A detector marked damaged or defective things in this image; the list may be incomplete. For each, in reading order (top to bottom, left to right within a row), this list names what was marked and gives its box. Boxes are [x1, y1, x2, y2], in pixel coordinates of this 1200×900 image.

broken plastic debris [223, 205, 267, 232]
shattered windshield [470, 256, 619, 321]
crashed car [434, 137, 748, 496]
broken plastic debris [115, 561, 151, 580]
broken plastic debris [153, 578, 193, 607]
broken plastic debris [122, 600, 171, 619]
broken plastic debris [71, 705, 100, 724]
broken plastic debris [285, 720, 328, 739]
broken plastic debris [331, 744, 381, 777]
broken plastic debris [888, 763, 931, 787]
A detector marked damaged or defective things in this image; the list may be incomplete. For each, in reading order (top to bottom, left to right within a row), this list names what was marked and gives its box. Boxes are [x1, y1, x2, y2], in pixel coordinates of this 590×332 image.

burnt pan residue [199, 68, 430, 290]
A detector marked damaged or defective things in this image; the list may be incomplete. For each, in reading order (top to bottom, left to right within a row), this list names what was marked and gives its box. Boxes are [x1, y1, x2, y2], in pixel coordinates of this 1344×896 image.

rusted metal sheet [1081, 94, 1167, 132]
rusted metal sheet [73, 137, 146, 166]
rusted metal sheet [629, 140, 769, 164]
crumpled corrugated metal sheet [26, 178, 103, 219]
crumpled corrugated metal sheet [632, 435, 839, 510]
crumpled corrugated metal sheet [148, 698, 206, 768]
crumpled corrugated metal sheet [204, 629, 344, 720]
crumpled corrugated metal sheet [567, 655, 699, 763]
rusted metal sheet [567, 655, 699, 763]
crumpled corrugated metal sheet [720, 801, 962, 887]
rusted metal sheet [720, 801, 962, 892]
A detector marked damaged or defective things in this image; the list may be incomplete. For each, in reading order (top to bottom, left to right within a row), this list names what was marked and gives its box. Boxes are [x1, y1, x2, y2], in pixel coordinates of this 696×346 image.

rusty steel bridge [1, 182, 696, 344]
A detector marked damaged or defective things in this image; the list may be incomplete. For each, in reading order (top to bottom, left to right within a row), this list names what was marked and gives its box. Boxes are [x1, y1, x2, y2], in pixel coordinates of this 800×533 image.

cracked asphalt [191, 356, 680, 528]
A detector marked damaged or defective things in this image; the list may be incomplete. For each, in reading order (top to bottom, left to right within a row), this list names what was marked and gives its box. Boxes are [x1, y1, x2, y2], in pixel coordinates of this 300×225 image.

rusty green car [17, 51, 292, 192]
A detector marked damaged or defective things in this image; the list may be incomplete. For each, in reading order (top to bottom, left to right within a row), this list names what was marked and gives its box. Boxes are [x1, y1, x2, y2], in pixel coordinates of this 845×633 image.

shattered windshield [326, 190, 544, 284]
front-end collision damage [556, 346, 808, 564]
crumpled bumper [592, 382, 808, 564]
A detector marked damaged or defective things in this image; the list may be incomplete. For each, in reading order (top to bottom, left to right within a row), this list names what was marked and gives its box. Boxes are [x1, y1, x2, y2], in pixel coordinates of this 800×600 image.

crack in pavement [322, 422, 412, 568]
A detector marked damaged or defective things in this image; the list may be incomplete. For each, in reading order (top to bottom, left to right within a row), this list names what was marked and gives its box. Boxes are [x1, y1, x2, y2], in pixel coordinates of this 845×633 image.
☆ ☆ ☆ ☆ ☆
→ Problem description:
Please transcribe the records in full, keeping every word as it is.

→ Task response:
A detector marked damaged or defective things in this image; the list may be incomplete. For each, in reading order (top to bottom, left to right within a row), this list names what was marked and gives its box. Boxes are [x1, y1, x2, y2], in pixel coordinates of this 1200×900 image.

broken plastic debris [223, 205, 267, 232]
shattered windshield [470, 256, 619, 321]
crashed car [434, 137, 748, 496]
broken plastic debris [115, 561, 151, 580]
broken plastic debris [153, 578, 193, 607]
broken plastic debris [122, 600, 171, 619]
broken plastic debris [71, 705, 100, 724]
broken plastic debris [285, 720, 328, 739]
broken plastic debris [331, 744, 381, 777]
broken plastic debris [888, 763, 931, 787]
A detector marked damaged or defective things in this image; the list may be incomplete. For each, in reading order (top to bottom, left to right within a row), this list names what was marked and gives its box. Boxes are [x1, y1, x2, y2], in pixel coordinates of this 590×332 image.

burnt pan residue [199, 68, 430, 290]
A detector marked damaged or defective things in this image; the list may be incomplete. For each, in reading order (top to bottom, left to right within a row), this list names what was marked and gives its box. Boxes are [x1, y1, x2, y2], in pixel coordinates of this 1344×896 image.

rusted metal sheet [1081, 94, 1167, 132]
rusted metal sheet [73, 137, 146, 166]
rusted metal sheet [629, 140, 769, 164]
crumpled corrugated metal sheet [26, 178, 103, 219]
crumpled corrugated metal sheet [632, 435, 839, 510]
crumpled corrugated metal sheet [148, 698, 206, 768]
crumpled corrugated metal sheet [204, 629, 344, 720]
crumpled corrugated metal sheet [567, 655, 699, 763]
rusted metal sheet [567, 655, 699, 763]
crumpled corrugated metal sheet [720, 801, 962, 887]
rusted metal sheet [720, 801, 962, 892]
A detector marked damaged or defective things in this image; the list may be incomplete. For each, in reading order (top to bottom, left to right within a row), this list names what was marked and gives its box. Boxes are [x1, y1, x2, y2], in pixel coordinates of this 696×346 image.

rusty steel bridge [1, 182, 696, 344]
A detector marked damaged or defective things in this image; the list may be incomplete. For each, in reading order (top to bottom, left to right within a row), this list names what was marked and gives its box. Boxes are [x1, y1, x2, y2], in pixel coordinates of this 800×533 image.

cracked asphalt [191, 356, 680, 528]
A detector marked damaged or defective things in this image; the list may be incomplete. For each, in reading order (top to bottom, left to right within a row), this list names what was marked and gives its box. Boxes are [x1, y1, x2, y2], in pixel coordinates of this 300×225 image.

rusty green car [17, 51, 292, 192]
A detector marked damaged or defective things in this image; the list may be incomplete. For each, in reading order (top to bottom, left to right within a row), this list names what was marked and gives its box. Boxes are [x1, y1, x2, y2], in pixel coordinates of this 845×633 image.

shattered windshield [326, 190, 544, 284]
front-end collision damage [556, 346, 808, 564]
crumpled bumper [592, 382, 808, 564]
A detector marked damaged or defective things in this image; the list may be incomplete. For each, in reading order (top to bottom, left to right within a row), this list names what was marked and gives its box. Boxes are [x1, y1, x2, y2], in pixel coordinates of this 800×600 image.

crack in pavement [322, 422, 412, 568]
A detector marked damaged or defective things in this image; the list may be incomplete. For each, in reading order (top to bottom, left to right within a row), this list names what was marked and gives its box. Boxes are [x1, y1, x2, y2], in pixel coordinates of this 845×633 image.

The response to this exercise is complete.